Mandalorian ist filmtechnisch bestimmt nicht ganz oben einzureihen, aber es hat Herz. So seh ich das als langjähriger Star Wars Fan. Wäre aber interessiert, die Meinung von Leuten zu hören, die nicht so in Comics, Spiele, Bücher verstrickt sind. Da gibt es sicherlich, weniger Aha-Momente


----------



## Technologie_Texter (27. Dezember 2020)
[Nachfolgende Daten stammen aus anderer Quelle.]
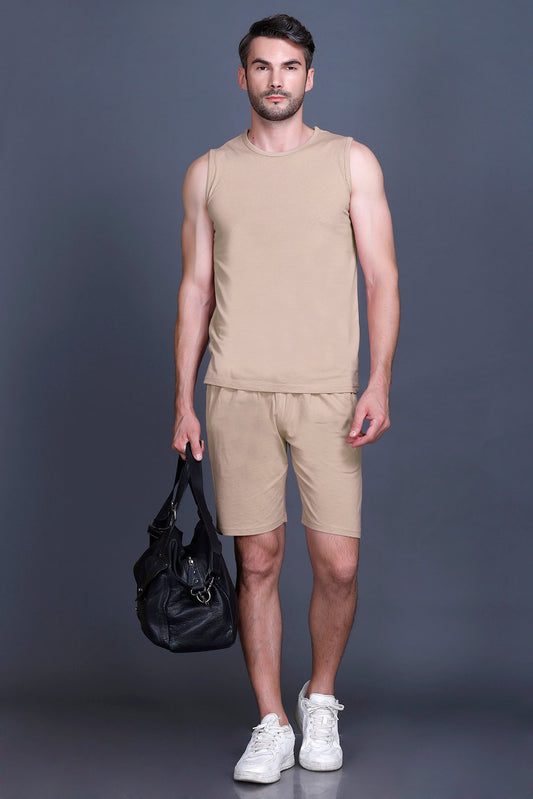 Beige Gym Vest Men Sleeveless T-Shirt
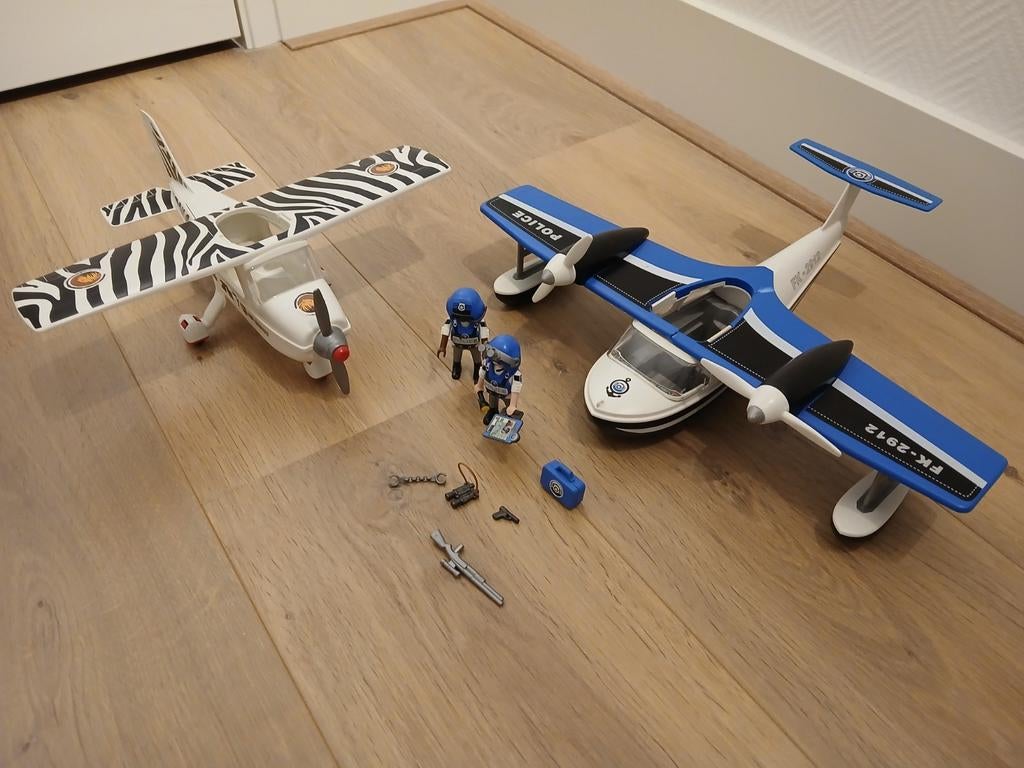 Playmobil Politie- en Safarivliegtuig Set, Ophalen of Verzenden, Gebruikt, Jongen of Meisje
Hast du die Serie überhaupt gesehen?


----------



## Standeck (27. Dezember 2020)

schluumi schrieb:


> Aber ist Mandalorian nicht das genaue Gegenteil? Das Konzept ist ja kaum eine stringente Handlung, als viel mehr eine Monster of the Week Formel, in der auf A-team artige Weise, auf immer neuen Planeten, den lokalen Dorfbewohnern kurz geholfen wird. Bisschen Fanservice und Namedropping machen für mich jetzt keine gute Story. Es wundert mich echt, dass das Konzept für viele so gut funktioniert tbh.
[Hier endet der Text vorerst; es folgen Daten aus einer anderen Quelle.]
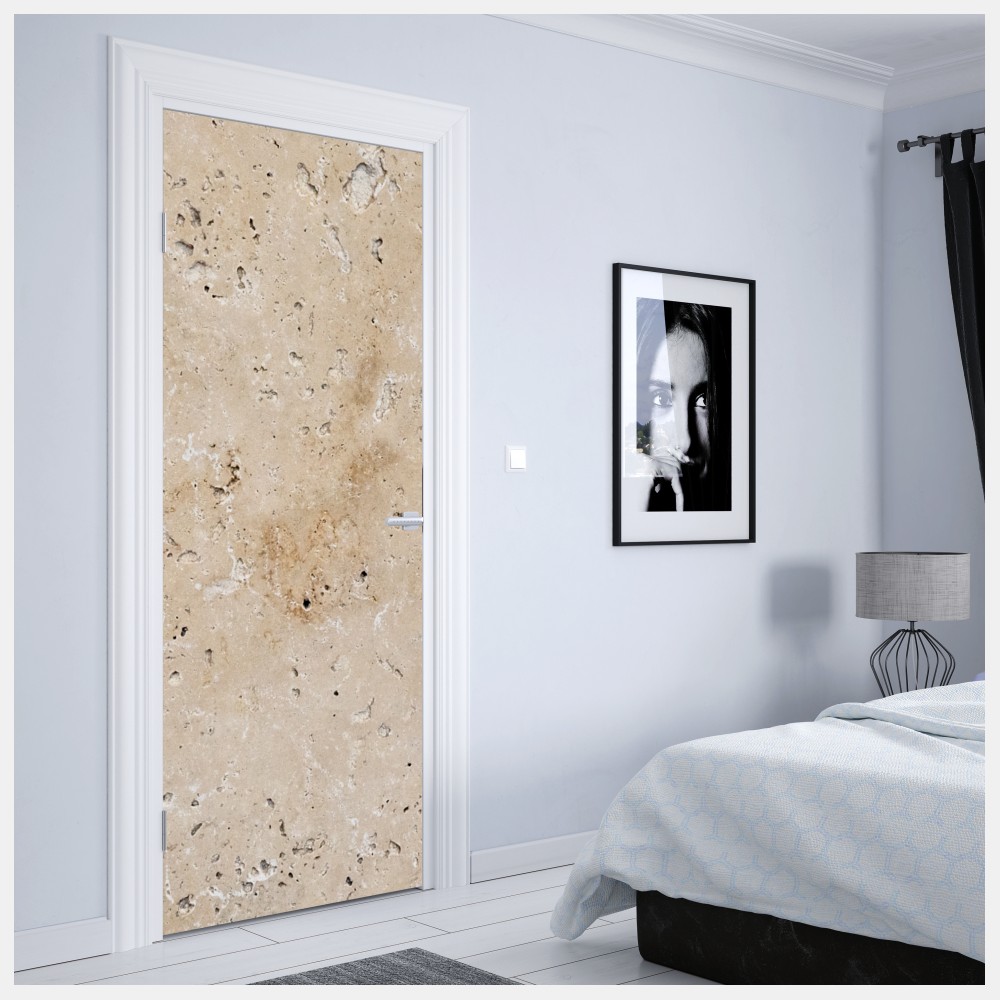 Naklejka na drzwi beżowa tekstura kamienia travertynu – Wallissimo® Naklejka na drzwi beżowa tekstura kamienia travertynu – Wallissimo®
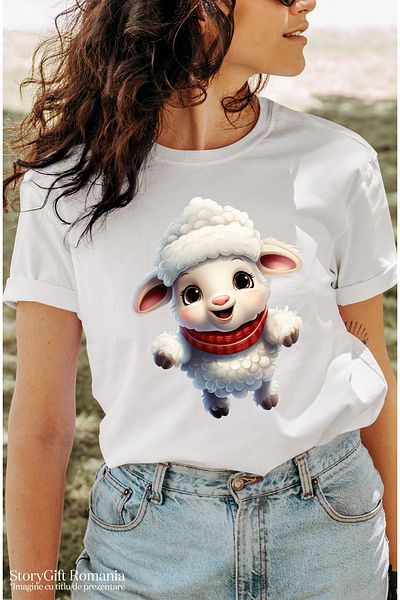 StoryGift Romania Tricou Femei cu o oita vesela cu fular, ilustratie vesela, frig, ger cumplit, fe WHT_L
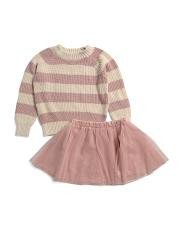 Girls 2pc Striped Sweater And Skirt Set | TJ Maxx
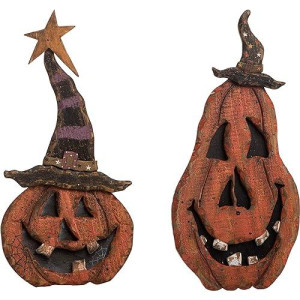 Transpac Imports, Inc. Jack-O-Lantern Pumpkin Rustic Orange 14 X 7 Plywood Halloween Figurines Set Of 2
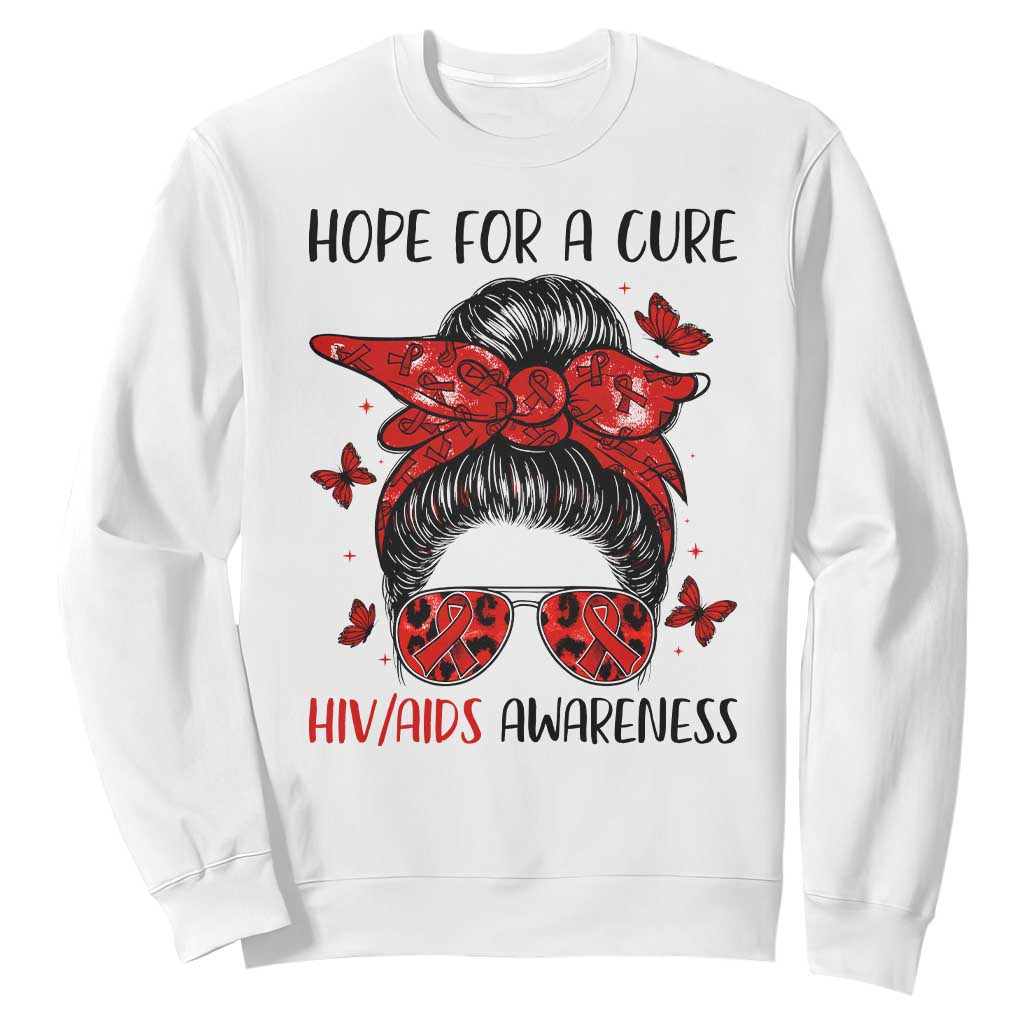 Hope For A Cure HIV Support Sweatshirt Strong Woman Red Ribbon Gift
Es hat eine stringente Handlung. Staffel 2 geht da viel weiter voran als noch Staffel 1. Ich an deiner Stelle würde es mir anschauen und mir meine eigene Meinung bilden anstatt einfach bei deinen Vorurteilen zu bleiben.


----------



## Berserkervmax (27. Dezember 2020)

Besser ! Eindeutig !
Noch bessere wär nur ein  anderes Ende....


----------



## FetterKasten (27. Dezember 2020)

Ich seh da nur minimale Unterschiede beim genauen Hinsehen. Mit dem Deep Fake sieht er etwas jünger aus, was evtl. besser passt und die Augen sind etwas klarer.

Ist aber schon beeindruckend, was heutzutage als normaler Mensch möglich ist, wenn man sich auskennt.


----------



## Technologie_Texter (27. Dezember 2020)

Berserkervmax schrieb:


> Noch bessere wär nur ein  anderes Ende....


Was würdest du dir da wünschen?


----------



## schluumi (27. Dezember 2020)

Grendizer schrieb:


> Bin auch ein Kind der 80er und das Format kennt man aus der Zeit. Glaube das Thema ist eher was subjektives. Vorteil von Mando ist, man erkennt einen roten Faden, bei A-Team kann man ja (kein A-Team Experte) die Folgen schauen wie man will, da es keinen Hauptstrang gibt.



Aber das gilt ja für Mando auch abgesehen von seiner groben Rahmenhandlung. Die Episoden sind im Grunde in sich abgeschlossene kleine Abenteuer die in 30 Minuten passen mussten.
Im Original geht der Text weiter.